„Gazeta Wyborcza” żali się, że jest jedynym ogólnopolskim dziennikiem, który nie ma możliwości publikowania płatnych, całostronicowych ogłoszeń i poradników rządowych dot. koronawirusa.

-„Władza gardzi Wyborczą i jej czytelnikami nawet w czasie epidemii” – pisze na łamach „Wyborczej” redaktor Wojciech Czuchnowski.

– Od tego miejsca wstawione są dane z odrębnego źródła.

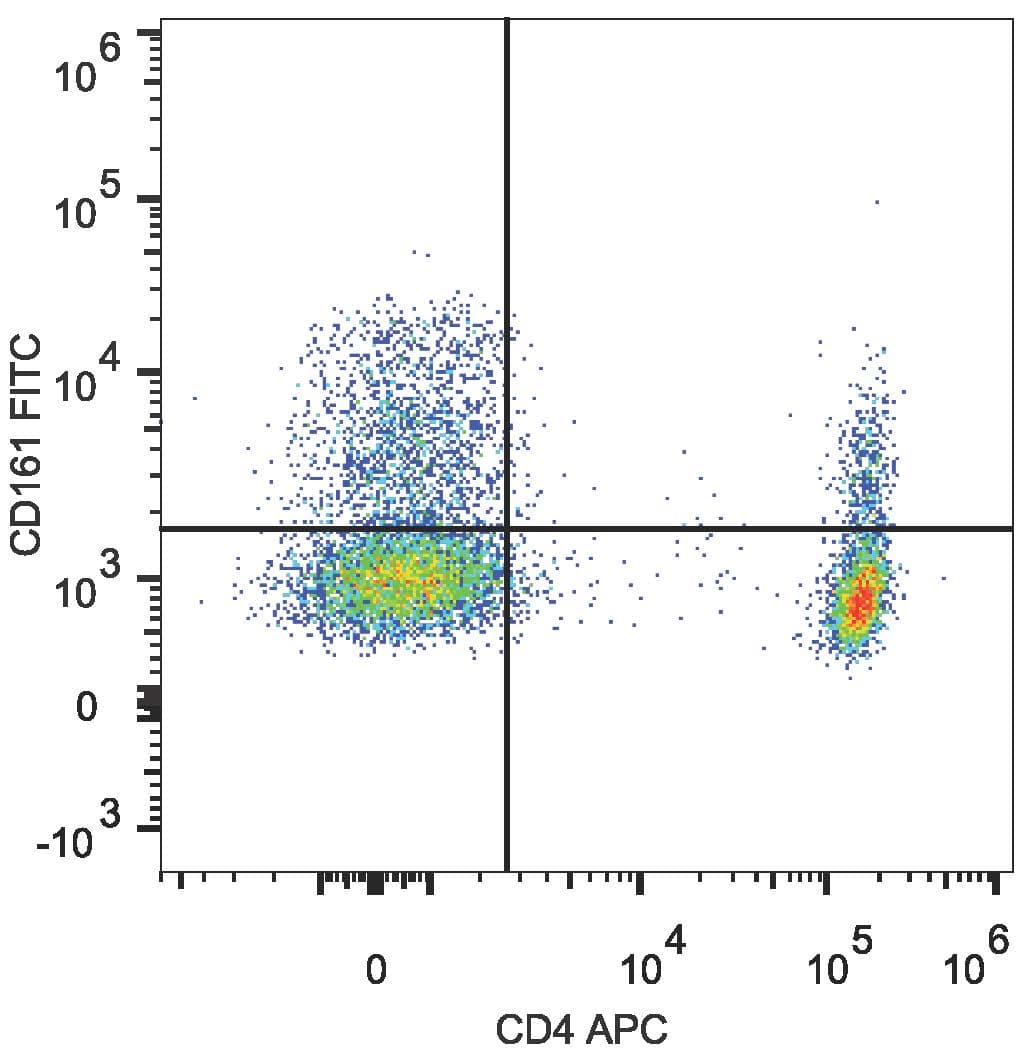 KLRB1 / CD161 Antibody (clone HP-3G10, FITC)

Od 10 marca trwa akcja, w której resort zdrowia lub kancelaria premiera umieszczają w wielu gazetach ogłoszenia i poradniki w związku z epidemią koronawirusa. Choć ogłoszenia te nie mają charakteru reklamowego, to redakcje otrzymują pieniądze za ich umieszczanie. Poza „Gazetą Wyborczą” publikacje takie znajdują się we wszystkich ogólnopolskich dziennikach. Redakcję z Czerskiej najwyraźniej boli, że nie może skorzystać z dodatkowych środków rządowych:

-„Według rządu PiS prawie pół miliona podatników czytających Wyborczą i Wyborcza.pl nie zasługuje na informowanie o profilaktyce w walce z epidemią i przepisach wprowadzanych na czas kryzysu” – pisze Czuchnowski.